Bullet LaVolta were known for being one of the better live bands in the country back in the day (it was a downright work ethic of ours), and I've been told that we didn't disappoint that night. We played a strong set that night consisting of mostly new material. Yukki Gipe was in top Iggy-meets-an-F-15-bomber persona, and the packed house was circulating our frenetic energy back at us. Duke's amp blew a fuse one third of the way in, crushing our momentum for an instant until James Iha saved the day by lending us his Marshall. We launched into "Baggage," and all was right with the world again. In retrospect, it didn't really matter if were on or off that night (it was a 6 out of 10 in my opinion), this was Nirvana's night.

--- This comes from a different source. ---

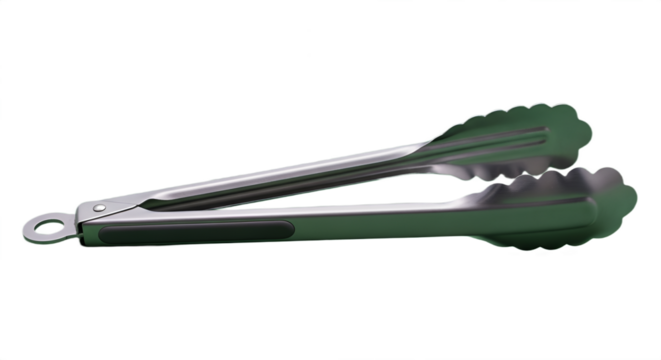 Studio shot of metal kitchen tongs with scalloped edges elegantly resting on a clean green surface.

If Big Black, Dinosaur Jr., and Sonic Youth had all gotten base hits to load the bases, Nirvana had just crushed the pitch and hit the grand slam with Nevermind. This was their moment in history. The Geffen execs at the show knew it. The radio programmers knew it. The fans knew it. Nirvana knew it, but didn't give a fuck. That attitude was exactly what made them special and was exactly what made the show that much more important. They played a raucus 60-minute set, probably no better or no worse then the hundreds of shows they had played leading up to that moment, but the excitement in the room of the impending rock revolution was downright palpable. "Sliver", the Sub Pop 7-inch that showed off Cobain's ridiculous pop sensibilities for the first time, was my personal highlight of the evening. Sometime around "Drain You," I looked around the room and noticed that everyone had this dough-eyed yet-wide-awake look on their faces; that they were really seeing something important, or really being a part of something important. It was hot, sweaty, loud and reckless. And quite literally the precise moment in musical history when that weird glitch in the cassette tape took place; when good music became popular . . . if only for an instant.